No relacionamento humano, uma pessoa que possui tato procura identificar um ponto em comum, em meio às diferenças. Quando Paulo se referiu “ao Deus desconhecido” e disse: “pois esse que adorais sem conhecer é precisamente Aquele que eu vos anuncio”, destruiu as barreiras e construiu uma ponte para o diálogo.
Lições atuais
A postura do apóstolo encerra lições para a igreja em todos os séculos de história do cristianismo, tanto no aspecto coletivo como individual. “As palavras de Paulo contêm um tesouro de conhecimento para a igreja. Estava ele numa posição em que facilmente poderia ter dito qualquer coisa que teria irritado seus orgulhosos ouvintes, colocando-se a si mesmo em dificuldade. Tivesse sua oração sido um ataque direto a seus deuses e aos grandes homens da cidade, e ele teria corrido o perigo de sofrer a sorte de Sócrates. Mas, com o tato nascido do divino amor, cuidadosamente ele afastou-lhes a mente de suas divindades pagãs, revelando-lhes o verdadeiro Deus, para eles desconhecido” (Atos dos Apóstolos, p. 241).
Frequentemente, deparamo-nos com situações e circunstâncias que requerem o emprego do mais fino trato, a fim de que barreiras sejam derribadas e pontes sejam construídas. Boas amizades são destruídas por falta de tato. Palavras precipitadas, marcadas pela falta de bom senso, são destrutivas em sua natureza. Quantas vezes nas comissões de igreja e mesas administrativas, possibilidades são rompidas quando não se busca um ponto em comum em meio às diferenças!
Uma das grandes necessidades que temos como igreja, em todos os níveis, é o emprego de tato e bom senso no relacionamento interpessoal. “Muitas pessoas têm sido desviadas para uma direção errada, e assim perdidas para a causa de Deus, devido à falta de habilidade e sabedoria da parte do obreiro. O tato e o critério centuplicam a utilidade do obreiro. Se profere as palavras convenientes no tempo oportuno, e manifesta o devido espírito, isso terá no coração daquele que ele está procurando ajudar, uma influência capaz de comover” (Obreiros Evangélicos, p. 119).
A falta de tato, muitas vezes, em nome do zelo, porém zelo sem entendimento, produz mágoa e fere muita gente cujo potencial acaba sendo violentado e destruído. Em nosso dia a dia, estamos lidando com pessoas. Elas não são números, nem projetos nem coisas. São seres humanos. Fazem parte de projetos e estatísticas, mas estão acima de tudo isso. O drama do calvário (Rm 5:8-11) dá testemunho dessa realidade. Ellen White afirmou: “Exige o mais delicado tato, a mais fina sensibilidade, o tratamento das feridas da alma. Unicamente o amor emanado da Vítima do Calvário pode aí ser eficaz” (O Desejado de Todas as Nações, p. 440).

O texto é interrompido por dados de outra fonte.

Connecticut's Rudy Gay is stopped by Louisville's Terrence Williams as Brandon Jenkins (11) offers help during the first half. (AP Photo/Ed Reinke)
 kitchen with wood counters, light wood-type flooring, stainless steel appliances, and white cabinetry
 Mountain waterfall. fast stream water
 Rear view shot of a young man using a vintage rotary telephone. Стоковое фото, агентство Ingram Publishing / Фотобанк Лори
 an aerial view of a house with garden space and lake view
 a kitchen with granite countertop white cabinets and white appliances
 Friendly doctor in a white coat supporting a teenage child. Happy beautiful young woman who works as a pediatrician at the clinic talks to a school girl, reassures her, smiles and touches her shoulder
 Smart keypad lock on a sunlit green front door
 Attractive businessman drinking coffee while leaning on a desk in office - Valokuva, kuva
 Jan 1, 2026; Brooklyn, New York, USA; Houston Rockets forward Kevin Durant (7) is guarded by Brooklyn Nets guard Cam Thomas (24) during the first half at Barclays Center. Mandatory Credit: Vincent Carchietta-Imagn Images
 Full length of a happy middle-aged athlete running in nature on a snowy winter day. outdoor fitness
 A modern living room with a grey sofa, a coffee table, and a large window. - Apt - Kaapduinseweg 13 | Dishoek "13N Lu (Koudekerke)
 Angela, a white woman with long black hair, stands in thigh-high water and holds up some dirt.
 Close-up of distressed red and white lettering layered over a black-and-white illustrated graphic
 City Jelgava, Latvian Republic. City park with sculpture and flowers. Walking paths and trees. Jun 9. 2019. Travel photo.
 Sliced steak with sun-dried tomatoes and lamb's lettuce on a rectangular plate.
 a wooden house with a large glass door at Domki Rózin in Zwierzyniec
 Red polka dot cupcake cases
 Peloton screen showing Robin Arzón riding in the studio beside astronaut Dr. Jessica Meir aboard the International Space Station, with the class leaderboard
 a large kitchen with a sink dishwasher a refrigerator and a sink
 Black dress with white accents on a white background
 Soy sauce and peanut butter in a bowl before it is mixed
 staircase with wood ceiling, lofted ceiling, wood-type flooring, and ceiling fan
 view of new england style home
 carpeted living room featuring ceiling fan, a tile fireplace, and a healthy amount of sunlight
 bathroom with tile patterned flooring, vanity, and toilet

As pessoas têm liberdade de escolha. São portadoras de uma herança genética e social. Têm estrutura emocional e, muitas vezes, à semelhança de um barco em meio à fúria das águas, procuram um abrigo seguro até que passe a tempestade. Tratá-las com tato e bom senso é resultado da presença do Espírito Santo em nossa vida. Afinal, um dos componentes do fruto do Espírito é o domínio próprio (G1 5:23). Aquele que, pela graça de Deus, mantém controle sobre as emoções desenvolve diariamente a capacidade de tato em seus relacionamentos; e centuplica sua utilidade na igreja, na instituição e na família.